What is expected »
Exact copy, no pictures: reproduce the lines from the one that holds "Set of farm" through the end of the entries.

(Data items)

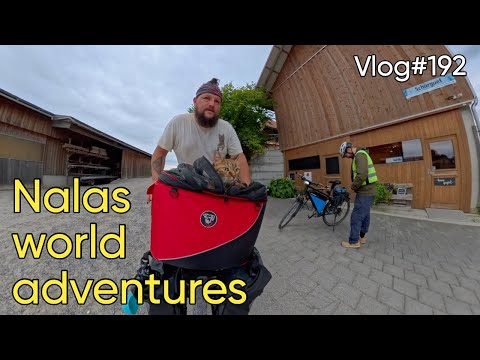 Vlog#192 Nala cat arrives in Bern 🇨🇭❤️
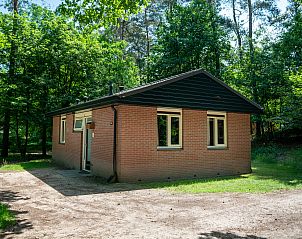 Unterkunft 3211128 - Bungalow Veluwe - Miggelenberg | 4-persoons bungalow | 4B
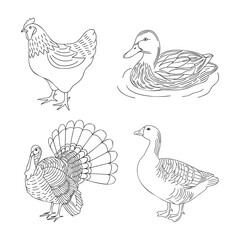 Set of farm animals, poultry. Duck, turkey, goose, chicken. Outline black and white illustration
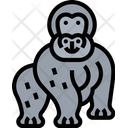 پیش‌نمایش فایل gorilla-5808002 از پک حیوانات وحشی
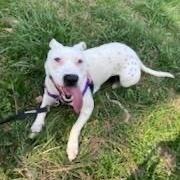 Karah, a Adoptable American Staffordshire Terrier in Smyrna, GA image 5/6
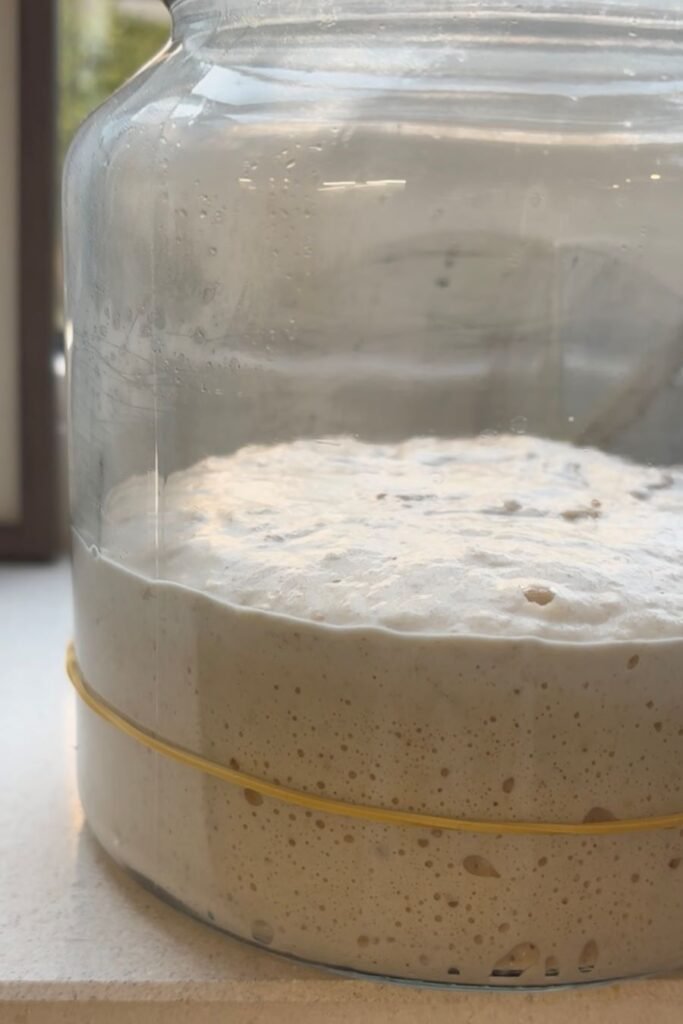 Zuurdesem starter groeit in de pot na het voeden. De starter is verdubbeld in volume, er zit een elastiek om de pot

Answer to the problem »
 Set of farm animals, poultry. Duck, turkey, goose, chicken. Outline black and white illustration
 پیش‌نمایش فایل gorilla-5808002 از پک حیوانات وحشی
 Karah, a Adoptable American Staffordshire Terrier in Smyrna, GA image 5/6
 Zuurdesem starter groeit in de pot na het voeden. De starter is verdubbeld in volume, er zit een elastiek om de pot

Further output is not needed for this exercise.